Databricks Certified Associate Developer for Apache Spark — Question 25
Which of the following code blocks returns a new DataFrame with a new column employeesPerSqft that is the quotient of column numberOfEmployees and column sqft, both of which are from DataFrame storesDF? Note that column employeesPerSqft is not in the original DataFrame storesDF.
Answer options
- A. storesDF.withColumn("employeesPerSqft", col("numberOfEmployees") / col("sqft"))
- B. storesDF.withColumn("employeesPerSqft", "numberOfEmployees" / "sqft")
- C. storesDF.select("employeesPerSqft", "numberOfEmployees" / "sqft")
- D. storesDF.select("employeesPerSqft", col("numberOfEmployees") / col("sqft"))
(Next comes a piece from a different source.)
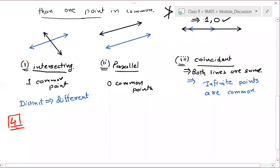Two distinct lines — are they parallel? No. Distinct lines are not coincident. If they are coincident, that means they are the same, so distinct lines cannot be coincident.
- E. storesDF.withColumn(col("employeesPerSqft"), col("numberOfEmployees") / col("sqft"))
Correct answer: A
Explanation
The correct answer is A because it uses the withColumn method correctly to create a new column employeesPerSqft by dividing the values in numberOfEmployees by sqft. Option B is incorrect because it uses string literals instead of column references. Options C and D do not use the withColumn method and thus are not used for adding new columns. Option E is also incorrect because it improperly uses col() for the new column name.